КалейдоскопЪ

ДЕЛО БЫЛО В ИСПАНИИ

Часть IV

Тюрьма

1916 года 10 ноября. Вчера, в четверг 9 ноября, горничная скромного маленького пансиона, где устроил меня Депре, вызвала меня таинственными жестами в коридор. Там стояли два очень определенной интернациональной внешности господина, которые без большого дружелюбия стали объяснять мне что-то по-испански. Я понял, что за мной явились полицейские, и то, что пришло два, а не один (третий, как потом оказалось, ожидал на улице), означало, что речь идет отнюдь не о простой справке о моих документах. Нужно сказать, что раз или два я наполовину замечал слежку за собой на улице, но, утомленный ею в Париже, не обращал внимания. Тем более, что и выбора-то особенного у меня не оставалось. Я пригласил посетителей в комнату, где один предъявил мне свою агентскую карточку. Это был высокого роста субъект с искалеченным глазом и крайне противным видом. «Parlez vous francais?» (Говорите ли по-французски?), спросил он вдруг, как бы найдя что-то, после тщетных попыток объясниться по-испански. «Oui, je parle francais», спешно ответил я с облегчением. Но он-то, оказалось, не знал ни слова. Этот диалог повторялся со мной в Испании не раз. «Parlez vous francais?» спрашивает вас собеседник после напрасных усилий объясниться с вами на языке Сервантеса. А затем оказывается, что кроме этой фразы он по-французски не знает ни слова. Но эта единственная фраза служит испанцам как бы отдушиной.

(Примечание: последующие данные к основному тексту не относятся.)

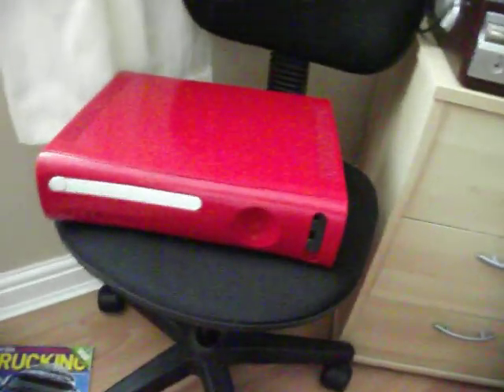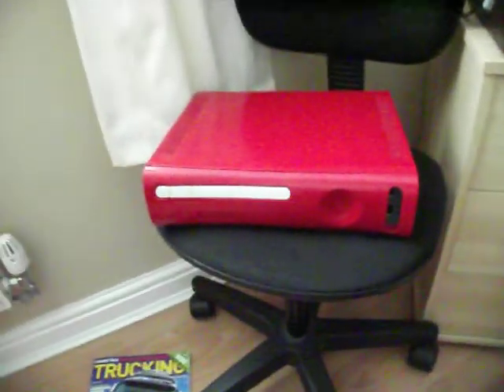I just want to show you this — it's finished and it looks absolutely awesome. I need a new faceplate light because that's not great, but maybe later on. It still looks awesome overall.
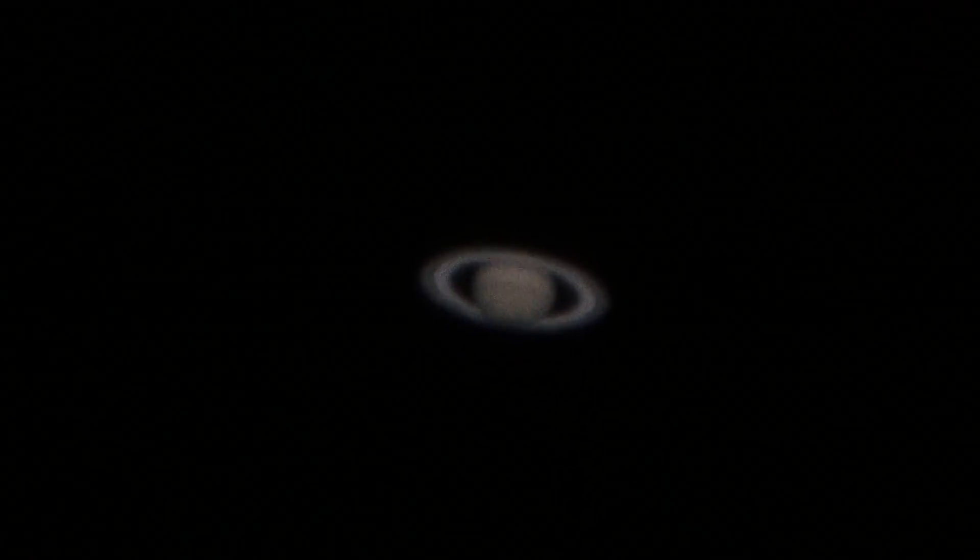Okay, this is like take three of Saturn. We've been out for a while now. The scope seems to have settled a little better, and the sky at the moment is favorable in the direction of Saturn.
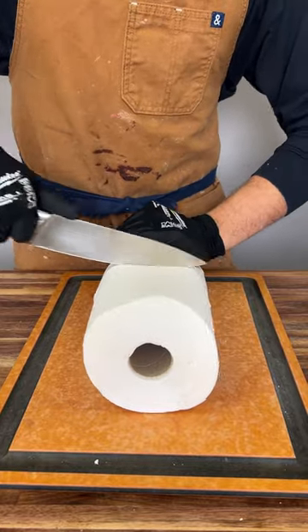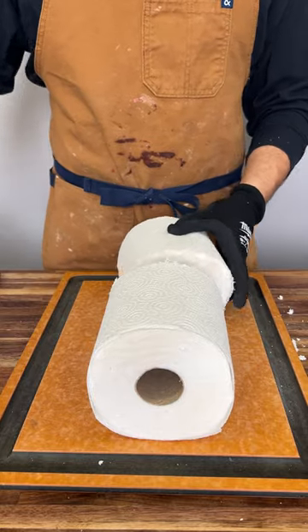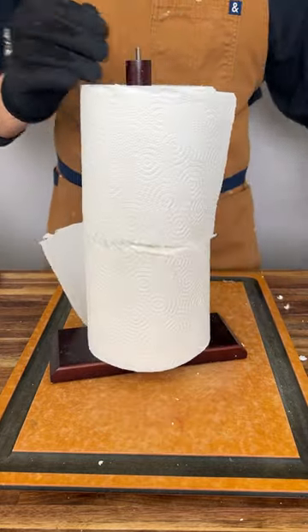This is the most efficient way to use your paper towels. Grab a knife and cut it straight in half just like this. Once you do, place it onto a paper towel holder just like that, and now every time you use them, you're going to be saving double the money.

Пришлось за ними следовать. В помещении префектуры вышел на лестницу какой-то средне-полицейского вида господин, справился о моей фамилии и в ответ сказал: «tres bien, tres bien»… покачивая головой, с видом укоризны. Потом отдал приказ моим провожатым куда-то отвести меня. «Значит я арестован?» спросил я. «Да, por una hora, dos horas (на час – на два), – ответил он, – нам нужно только разузнать про вас…» Меня отвели в какую-то канцелярию, где я уселся на кожаном диване в позе человека, которому нужно подождать четверть часа – в пальто, с палкой в руках, с шляпой на коленях. Так, почти не меняя позы, я просидел до 9 часов вечера, т.-е. около 7 часов под ряд. Это было мучительно. Ни один из чиновников полиции не понимал ничего на иностранных языках, как я ничего не понимал по-испански. Пребывание на глазах людей в течение почти трети суток утомило чрезвычайно. Я получил, правда, за это возможность наблюдать испанскую полицию в действии, или, – чтобы быть более точным, – в бездействии. Чиновник сменял чиновника, но никто ничего не делал. Один присел за пишущую машину, пощелкал минуту, потом раздумал и бросил. Остальные даже не пробовали. Разговаривали, показывали друг другу фотографические карточки, даже боролись в соседней комнате. Приходило за это время десятка два человек с улицы, то в сопровождении полицейских, то самостоятельно, за справками или с жалобами. Все больше убогая, рваная публика. Нельзя сказать, чтобы полицейские обращались грубо. Наоборот, не без южного добродушия и спокойствия. Всегда ли дело так обстоит, или сдерживало отчасти присутствие иностранца, не знаю, но думаю, что испанцы вообще не свирепы, т.-е. не утруждают себя профессиональной свирепостью.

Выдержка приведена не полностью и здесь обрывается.